Le elezioni si sono tenute il 7 dicembre

A decidere il nuovo presidente del Ghana sarà il ballottaggio del 28 dicembre: lo ha annunciato la Commissione elettorale nazionale al termine dello spoglio del voto del 7 dicembre.
Nessuno degli 8 candidati ha superato la soglia del 50% più uno dei voti richiesti per l’elezione diretta. In realtà solo in due hanno corso davvero per la poltrona di presidente: Nana Akufo-Addosaid, del partito Nuovo partito patriottico (Npp), che si è fermato al è fermo al 49,13% dei voti, e John Atta Mills, del Congresso nazionale democratico (Ndc), con il 47,92%. I ghaneani hanno votato anche per eleggere il nuovo parlamento, ma i risultati per l’assemblea sono ancora provvisori. L’affluenza alle urne che ha raggiunto il 68%: 8 milioni e quasi 500 mila persone.
 
Questa per il Ghana è stata la quinta elezione dalla dichiarazione d’indipendenza, 51 anni fa. Per gli osservatori internazionali si è trattato di un voto libero e trasparente, a dimostrazione della stabilità politica del paese, indicato come una delle democrazie modello in Africa. Il Ghana è stato una delle prime colonie africane a dichiarare la propria autonomia dalle potenze europee (in questa caso dalla Gran Bretagna), e da allora, anche grazie allo storico primo ministro Kwame Nkrumah, è simbolicamente l’immagine dell’Africa moderna e democratica. Dopo le elezioni in Kenya, Nigeria e Zimbabwe, gli analisti politici di tutto il continente hanno seguito con apprensione le elezioni (preceduta da una campagna elettorale sostanzialmente serena), e aspettano ancora il risultato finale del voto, confidando in uno svolgimento esemplare, anche dopo la proclamazione ufficiale dei vincitori.
 
La presidenza Kufuor
 
L’ormai settantenne presidente John Kufuor, che gode anche di un importante credito in tutto il continente dopo aver rivestito l’incarico di presidente di turno dell’Unione africana, terminerà il suo secondo mandato in gennaio, come previsto dalla Costituzione. Il suo è un esempio importante di correttezza, in un continente dove i capi di stato restano in carica anche 30 anni. Durante i suoi otto anni di presidenza, il paese ha conosciuto una crescita economica costante attorno al 5% annua, trainata dai prodotti di punta come il cacao e l’estrazione di oro. È recente la scoperta di importanti giacimenti sottomarini di petrolio, che dalla fine del 2010 dovrebbero produrre 120 mila barili al giorno. Secondo gli studi effettuati finora, le riserve ghaneane di greggio sarebbero tali da permettere ad Accra di insidiare il primato ad Angola e Nigeria come esportatori. Il governo di centro destra di Kufuor ha inoltre investito in educazione e strutture sanitarie. Grazie alle politiche e alle riforme economiche, la stessa Banca Mondiale oggi dipinge il Ghana come uno dei paesi più solidi su cui investire.

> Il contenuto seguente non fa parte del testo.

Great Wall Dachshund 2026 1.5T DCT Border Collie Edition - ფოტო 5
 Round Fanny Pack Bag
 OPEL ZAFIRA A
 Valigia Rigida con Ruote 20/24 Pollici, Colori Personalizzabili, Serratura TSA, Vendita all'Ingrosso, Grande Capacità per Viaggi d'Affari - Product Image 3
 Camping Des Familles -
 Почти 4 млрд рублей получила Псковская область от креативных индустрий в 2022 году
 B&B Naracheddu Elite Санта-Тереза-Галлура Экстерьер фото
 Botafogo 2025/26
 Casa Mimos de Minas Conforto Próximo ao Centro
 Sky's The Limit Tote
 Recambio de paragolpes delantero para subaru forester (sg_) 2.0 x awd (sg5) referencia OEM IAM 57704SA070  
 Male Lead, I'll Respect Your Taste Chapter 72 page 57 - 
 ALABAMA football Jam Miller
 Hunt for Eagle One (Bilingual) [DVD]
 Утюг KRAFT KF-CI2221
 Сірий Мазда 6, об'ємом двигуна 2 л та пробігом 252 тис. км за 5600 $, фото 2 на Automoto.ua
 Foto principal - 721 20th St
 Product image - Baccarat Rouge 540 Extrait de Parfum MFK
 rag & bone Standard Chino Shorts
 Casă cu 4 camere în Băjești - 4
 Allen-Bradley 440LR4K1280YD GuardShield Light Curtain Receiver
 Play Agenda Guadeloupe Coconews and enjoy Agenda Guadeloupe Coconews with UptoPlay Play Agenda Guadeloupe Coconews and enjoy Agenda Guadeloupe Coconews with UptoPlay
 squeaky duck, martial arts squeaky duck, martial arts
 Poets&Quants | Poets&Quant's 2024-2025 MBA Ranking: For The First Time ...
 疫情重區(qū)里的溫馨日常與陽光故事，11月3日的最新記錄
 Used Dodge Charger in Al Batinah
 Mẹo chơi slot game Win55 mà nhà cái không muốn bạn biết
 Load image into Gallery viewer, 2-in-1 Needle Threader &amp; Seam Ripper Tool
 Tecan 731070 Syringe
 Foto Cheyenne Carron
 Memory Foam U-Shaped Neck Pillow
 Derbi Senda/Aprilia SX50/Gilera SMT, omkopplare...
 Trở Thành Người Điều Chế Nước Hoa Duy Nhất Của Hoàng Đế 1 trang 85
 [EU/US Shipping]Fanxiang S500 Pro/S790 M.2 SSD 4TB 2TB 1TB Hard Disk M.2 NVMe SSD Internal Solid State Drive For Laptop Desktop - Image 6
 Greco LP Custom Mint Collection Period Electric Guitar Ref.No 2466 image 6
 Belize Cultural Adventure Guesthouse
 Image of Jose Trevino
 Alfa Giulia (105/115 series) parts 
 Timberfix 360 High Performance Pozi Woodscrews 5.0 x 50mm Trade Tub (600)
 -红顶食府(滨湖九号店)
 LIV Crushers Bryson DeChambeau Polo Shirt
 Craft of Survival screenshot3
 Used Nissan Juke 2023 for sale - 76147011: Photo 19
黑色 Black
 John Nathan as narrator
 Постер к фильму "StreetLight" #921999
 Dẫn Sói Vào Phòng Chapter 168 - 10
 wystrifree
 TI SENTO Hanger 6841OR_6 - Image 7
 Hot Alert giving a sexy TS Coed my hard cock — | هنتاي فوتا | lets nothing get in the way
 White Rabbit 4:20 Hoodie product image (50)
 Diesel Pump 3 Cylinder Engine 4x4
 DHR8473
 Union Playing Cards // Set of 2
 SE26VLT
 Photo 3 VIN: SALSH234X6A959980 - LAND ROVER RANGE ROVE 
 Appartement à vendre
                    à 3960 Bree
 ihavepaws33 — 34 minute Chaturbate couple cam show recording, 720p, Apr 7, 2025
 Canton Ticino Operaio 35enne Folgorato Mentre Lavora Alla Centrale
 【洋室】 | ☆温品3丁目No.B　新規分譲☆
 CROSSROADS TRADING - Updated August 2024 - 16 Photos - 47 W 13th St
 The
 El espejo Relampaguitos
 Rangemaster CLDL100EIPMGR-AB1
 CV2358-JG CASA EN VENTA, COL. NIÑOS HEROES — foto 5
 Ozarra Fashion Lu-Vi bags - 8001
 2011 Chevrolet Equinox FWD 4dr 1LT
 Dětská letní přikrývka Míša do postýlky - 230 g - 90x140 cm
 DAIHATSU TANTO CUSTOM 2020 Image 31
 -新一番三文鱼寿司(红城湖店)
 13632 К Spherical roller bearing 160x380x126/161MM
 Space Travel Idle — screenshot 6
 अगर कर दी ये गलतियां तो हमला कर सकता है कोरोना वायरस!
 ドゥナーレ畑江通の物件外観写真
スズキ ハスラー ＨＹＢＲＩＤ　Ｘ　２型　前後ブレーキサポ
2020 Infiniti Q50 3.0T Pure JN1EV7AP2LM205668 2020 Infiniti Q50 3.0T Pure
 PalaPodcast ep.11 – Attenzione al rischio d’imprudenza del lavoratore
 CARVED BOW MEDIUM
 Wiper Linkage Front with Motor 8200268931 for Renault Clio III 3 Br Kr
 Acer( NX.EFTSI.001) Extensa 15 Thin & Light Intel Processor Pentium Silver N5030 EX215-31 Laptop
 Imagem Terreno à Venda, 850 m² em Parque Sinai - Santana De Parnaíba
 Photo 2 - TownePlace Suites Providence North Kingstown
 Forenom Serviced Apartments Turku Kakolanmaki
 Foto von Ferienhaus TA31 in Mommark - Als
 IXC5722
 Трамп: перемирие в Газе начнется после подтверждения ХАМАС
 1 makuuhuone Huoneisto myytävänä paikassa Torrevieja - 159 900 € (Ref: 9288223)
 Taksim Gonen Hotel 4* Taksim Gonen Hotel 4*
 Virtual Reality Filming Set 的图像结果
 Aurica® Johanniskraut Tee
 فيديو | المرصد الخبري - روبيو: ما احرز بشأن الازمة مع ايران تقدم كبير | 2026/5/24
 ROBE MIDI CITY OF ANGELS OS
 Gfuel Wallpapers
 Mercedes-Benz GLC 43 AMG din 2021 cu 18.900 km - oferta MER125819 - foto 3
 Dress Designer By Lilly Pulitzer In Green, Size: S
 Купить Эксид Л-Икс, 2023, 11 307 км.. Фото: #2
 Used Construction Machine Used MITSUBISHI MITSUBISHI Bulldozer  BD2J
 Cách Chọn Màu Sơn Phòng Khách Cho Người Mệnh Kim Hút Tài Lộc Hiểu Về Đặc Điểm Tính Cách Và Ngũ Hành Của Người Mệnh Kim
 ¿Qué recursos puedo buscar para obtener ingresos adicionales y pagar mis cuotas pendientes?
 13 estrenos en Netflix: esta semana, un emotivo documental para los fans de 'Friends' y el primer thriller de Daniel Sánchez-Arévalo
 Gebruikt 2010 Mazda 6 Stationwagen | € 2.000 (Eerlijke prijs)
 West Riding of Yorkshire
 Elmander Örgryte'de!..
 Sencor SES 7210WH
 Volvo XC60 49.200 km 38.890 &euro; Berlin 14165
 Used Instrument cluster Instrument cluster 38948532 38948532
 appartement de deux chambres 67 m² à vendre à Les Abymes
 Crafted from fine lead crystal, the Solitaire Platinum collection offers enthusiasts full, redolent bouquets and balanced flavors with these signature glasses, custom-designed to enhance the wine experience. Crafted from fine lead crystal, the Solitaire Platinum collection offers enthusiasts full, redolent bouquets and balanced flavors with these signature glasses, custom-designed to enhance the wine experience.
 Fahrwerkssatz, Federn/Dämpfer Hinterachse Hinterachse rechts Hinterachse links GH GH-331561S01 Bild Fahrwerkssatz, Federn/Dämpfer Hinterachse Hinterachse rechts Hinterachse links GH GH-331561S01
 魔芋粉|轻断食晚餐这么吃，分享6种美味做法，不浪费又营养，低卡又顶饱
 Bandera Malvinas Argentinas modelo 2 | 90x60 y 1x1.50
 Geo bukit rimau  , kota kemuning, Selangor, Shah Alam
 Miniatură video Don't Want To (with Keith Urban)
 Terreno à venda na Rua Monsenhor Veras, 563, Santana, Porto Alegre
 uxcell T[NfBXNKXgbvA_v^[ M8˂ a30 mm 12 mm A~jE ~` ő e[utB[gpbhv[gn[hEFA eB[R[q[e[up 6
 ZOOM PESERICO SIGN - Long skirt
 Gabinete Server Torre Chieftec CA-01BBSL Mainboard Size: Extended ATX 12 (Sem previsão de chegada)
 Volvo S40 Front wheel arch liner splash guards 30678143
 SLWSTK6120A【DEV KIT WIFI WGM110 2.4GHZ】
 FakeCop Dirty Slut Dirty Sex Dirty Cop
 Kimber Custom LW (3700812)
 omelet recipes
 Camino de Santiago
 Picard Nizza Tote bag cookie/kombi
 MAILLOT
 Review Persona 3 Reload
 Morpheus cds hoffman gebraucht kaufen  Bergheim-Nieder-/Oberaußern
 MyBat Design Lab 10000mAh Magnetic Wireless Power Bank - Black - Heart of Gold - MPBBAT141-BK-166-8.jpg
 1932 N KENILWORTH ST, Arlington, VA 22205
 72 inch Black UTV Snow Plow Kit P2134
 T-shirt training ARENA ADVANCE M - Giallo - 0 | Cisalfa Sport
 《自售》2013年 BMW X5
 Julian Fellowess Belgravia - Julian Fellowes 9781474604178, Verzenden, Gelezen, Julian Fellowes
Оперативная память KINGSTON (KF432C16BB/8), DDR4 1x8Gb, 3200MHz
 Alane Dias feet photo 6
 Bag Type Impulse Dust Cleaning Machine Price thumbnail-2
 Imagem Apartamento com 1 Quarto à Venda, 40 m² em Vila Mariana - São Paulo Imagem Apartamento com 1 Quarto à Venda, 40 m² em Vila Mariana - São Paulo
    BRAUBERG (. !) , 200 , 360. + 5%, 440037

L’opposizione accusa però il governo di non aver ridistribuito la ricchezza: almeno 4 dei 22 milioni di abitanti in Ghana vivono sotto la soglia della povertà, senza aver accesso ad assistenza sanitaria, sistema scolastico, acqua. Nonostante lo sforzo per garantire e tutelare i diritti umani, nel settore minerario le condizioni di lavoro sono ancora drammatiche. La disoccupazione riguarda il 20% della popolazione.
In particolare Kufuor è accusato di aver favorito il suo gruppo etnico, gli Akan, che rappresentano circa il 50% della popolazione. All’attuale governo si contesta anche la mancanza di un contrasto vero al traffico di droga e alla corruzione. Forse proprio per questo le dichiarazioni dei due candidati ancora in corsa convergono su un punto: la necessità di rinforzare le istituzioni per dichiarare davvero battaglia alla povertà, all’abuso di diritti umani e al malgoverno.